Giter VIP home page Giter VIP logo

Comments (6)

ChristianMurphy avatar ChristianMurphy commented on June 3, 2024 1

Welcome @stephenlf! 👋

The Options struct is not Sync.

This is an XY Problem.

This is an issue in web servers because it means we must reallocate an Options struct every time we parse something.

Memory is allocated all over the place to do parsing and create a syntax tree.
Allocation feels like a non issue here.

This library aims to be 100% pure safe rust, sync is unsafe https://doc.rust-lang.org/nomicon/send-and-sync.html
Marking a core part of the safe API unsafe is a non-starter here.

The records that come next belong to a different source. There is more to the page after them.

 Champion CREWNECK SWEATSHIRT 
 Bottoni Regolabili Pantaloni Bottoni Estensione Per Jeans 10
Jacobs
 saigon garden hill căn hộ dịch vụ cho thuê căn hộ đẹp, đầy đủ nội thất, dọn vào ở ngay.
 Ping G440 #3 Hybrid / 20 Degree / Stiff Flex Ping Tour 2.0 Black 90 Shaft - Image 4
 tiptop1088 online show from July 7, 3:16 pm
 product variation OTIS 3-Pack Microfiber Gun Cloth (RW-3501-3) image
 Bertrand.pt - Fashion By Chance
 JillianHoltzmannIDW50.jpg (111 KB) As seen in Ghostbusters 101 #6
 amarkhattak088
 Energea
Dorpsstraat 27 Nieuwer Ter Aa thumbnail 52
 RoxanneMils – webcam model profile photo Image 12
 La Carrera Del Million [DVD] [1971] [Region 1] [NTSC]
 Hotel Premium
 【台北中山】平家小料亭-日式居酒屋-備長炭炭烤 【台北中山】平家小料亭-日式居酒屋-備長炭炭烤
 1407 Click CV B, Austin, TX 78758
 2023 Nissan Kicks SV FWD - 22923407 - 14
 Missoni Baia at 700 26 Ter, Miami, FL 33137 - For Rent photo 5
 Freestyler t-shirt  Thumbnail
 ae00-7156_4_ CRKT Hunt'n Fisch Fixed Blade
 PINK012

Reading between the lines a bit you seem to be trying to reuse options across multiple threads in Rust? Is that accurate?
If so why is allocating Options an issue for you?

from markdown-rs.

wooorm avatar wooorm commented on June 3, 2024 1

without limiting the MDX functionality too much

I have some doubts (but unfounded). If it works with https://github.com/wooorm/mdxjs-rs I’d be open to it.


Anyway, closing this for now. The safe part of this project is very important. It also seems like there is a tiny fraction of time spent on this, we can probably spend our time better on parsing memory/performance. If all of that is addressed and it works with mdxjs-rs, I’d be open to a PR and rediscussing it!

Best! :)

from markdown-rs.

stephenlf avatar stephenlf commented on June 3, 2024

Current workaround I'm using. I'll write this up in a pull request later.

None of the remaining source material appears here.